Contacté à ce sujet, Anicet Kathavali, coordonnateur de la société civile « Force Vive de Babila Babombi », a clarifié la situation. Il a révélé qu’il s’agissait en fait d’un déplacement de miliciens Maï-Maï. Ces derniers, engagés dans un processus de désarmement, se sont déplacés de leur site de cantonnement vers un autre lieu par crainte des opérations conjointes FARDC-UPDF (les Forces armées de la République démocratique du Congo et l’armée ougandaise) qui ont récemment été intensifiées dans la zone.

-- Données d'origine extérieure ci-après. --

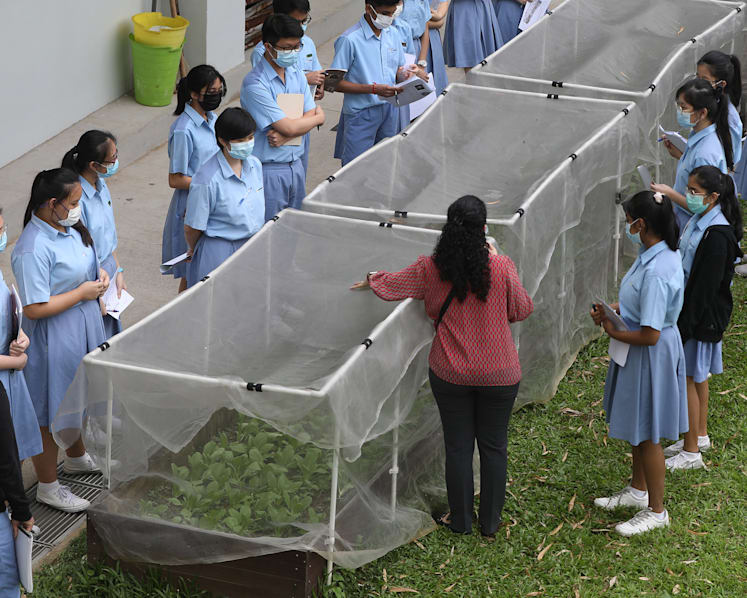 Understanding why high performing S’pore science, math students have low confidence in these subjects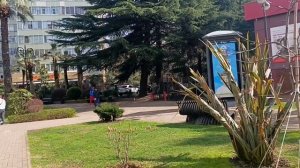 Что творится в Сочи в марте?Сочи сегодня:цветут магнолии,прогулка от Морского вокзала по Навагинской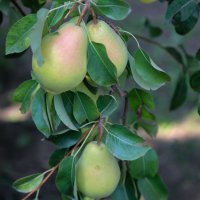 Başkan Aktaş’tan çiftçiye tarlada ziyaret 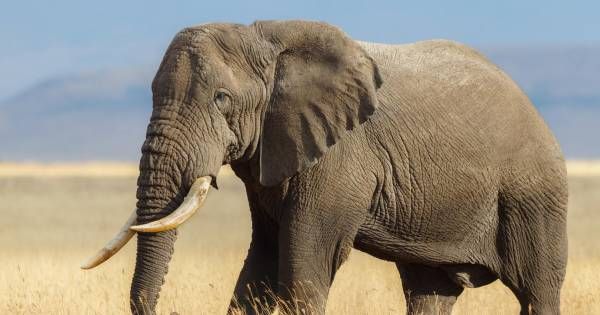 L'éléphant d'Afrique menacé d'extinction: il pourrait disparaître d'ici 2040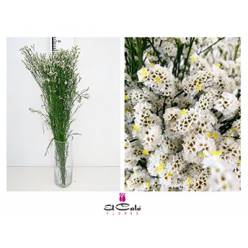 Limonium Nac. Hibrido Blanco 80cm Paq.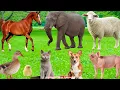 Download Lagu Cute Farm Animal Sounds: Dog, Cat, Chicken, Cow, Sheep \u0026 Horse – Animal Sounds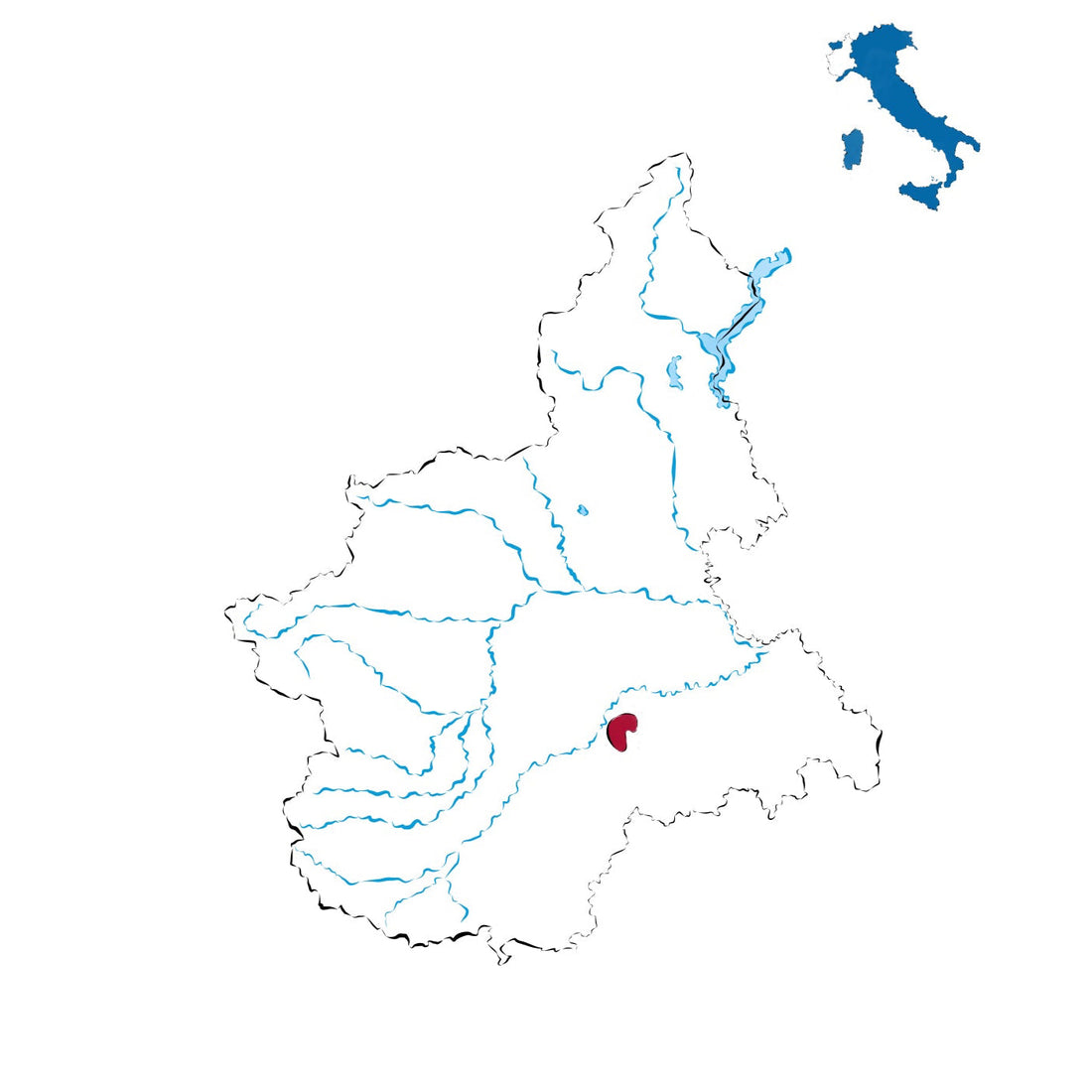 Barbaresco DOCG: l’eleganza del Nebbiolo nelle Langhe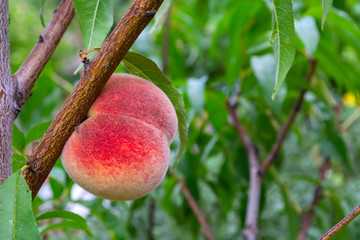 Sweet peach fruits growing on a peach tree branch
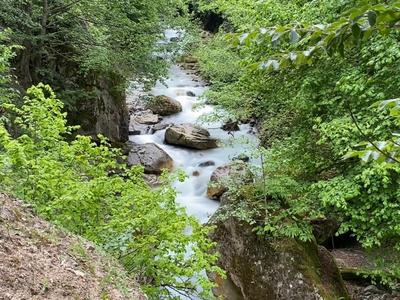 Senoz Dağ Evi & Bungalow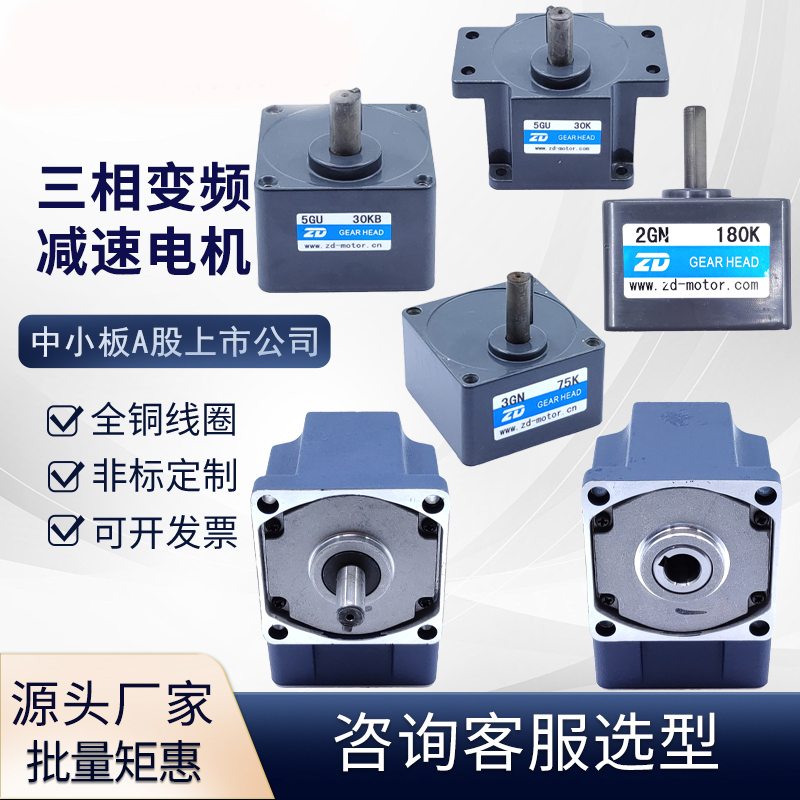 Zd Zhongda Motor Reduction Gear Micro Reducer 2Gn/3Gn/4Gn/5Gn/5Gu/6Gu Speed Ratio Optional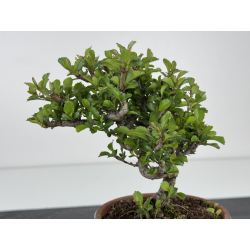 Chaenomeles chojubai I-7904 vista 3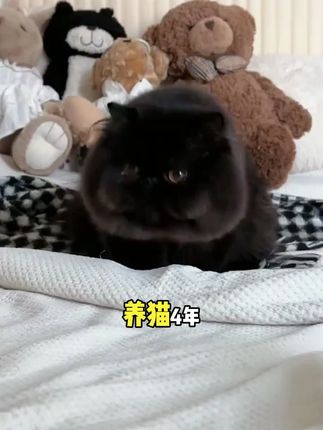 吸水性强,麦都豆腐猫砂告别粘底烦恼!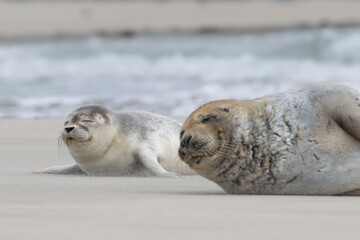 Seal resting on the beach in The Netherlands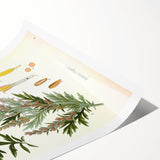 Vintage Botanical Illustration of Artemisia – Botanical Art Prints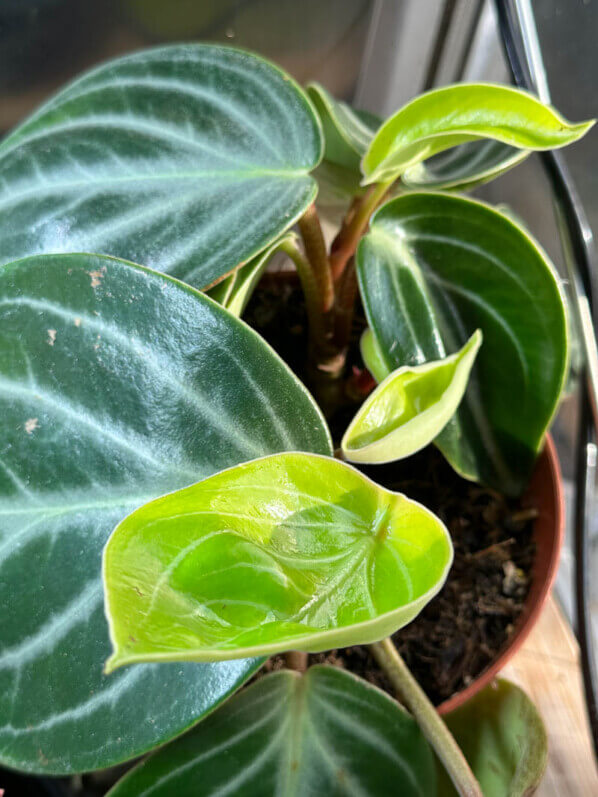 Peperomia sarcophylla, plante d'intérieur, Paris 19e (75)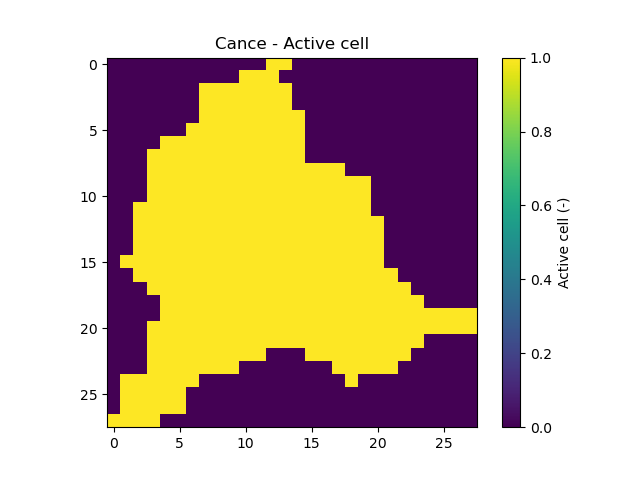 ../../_images/user_guide.quickstart.cance_first_simulation.active_cell.png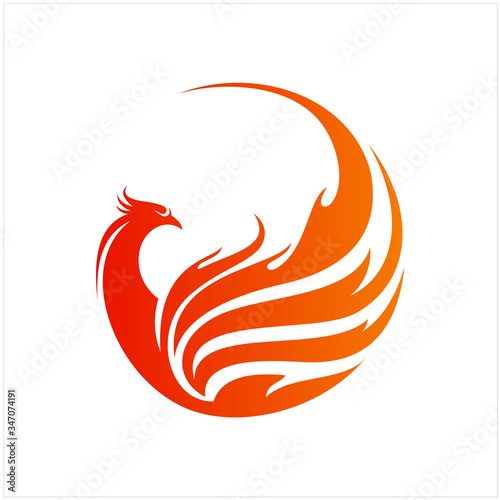 Flying Phoenix Fire Bird abstract Logo design vector template. Dove Eagle Logotype concept icon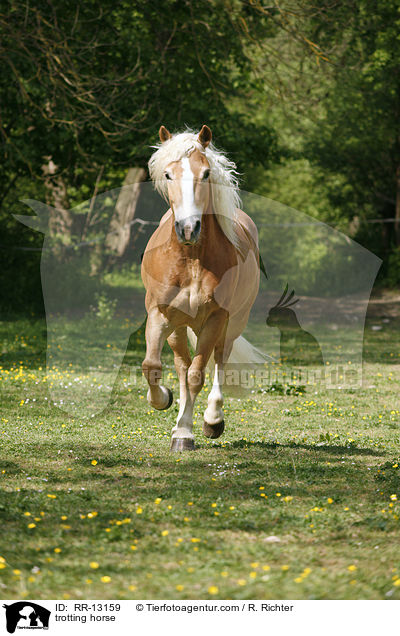 trabender Haflinger / trotting horse / RR-13159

Appel au Calme et Mesures de Sécurité
Anicet Kathavali a exhorté la population à rester calme, soulignant que le comité de sécurité est à pied d’œuvre pour protéger les vies humaines. Il a également mentionné qu’une mesure sécuritaire d’urgence a été mise en place pour décourager la propagation de rumeurs terrorisantes sur les réseaux sociaux.
De plus, il a appelé les conducteurs de moto-taxis à faire preuve de conscience et à éviter d’effrayer davantage la population en abusant de leurs klaxons.
Reprise des Activités et Sécurité dans les Champs
Les activités socio-économiques ont repris leur cours normal l’après-midi de ce même lundi. Cependant, la terreur persiste parmi les agriculteurs fréquentant les champs à l’est de Biakato. Le samedi précédent, au moins sept corps sans vie, dont une femme, ont été enterrés par une équipe mixte composée de la Croix-Rouge, de la jeunesse et des FARDC dans la bourgade de Makwama, à environ 1,5 km à l’est de Biakato. Ces compatriotes avaient été exécutés par les rebelles ougandais d’ADF, selon nos sources.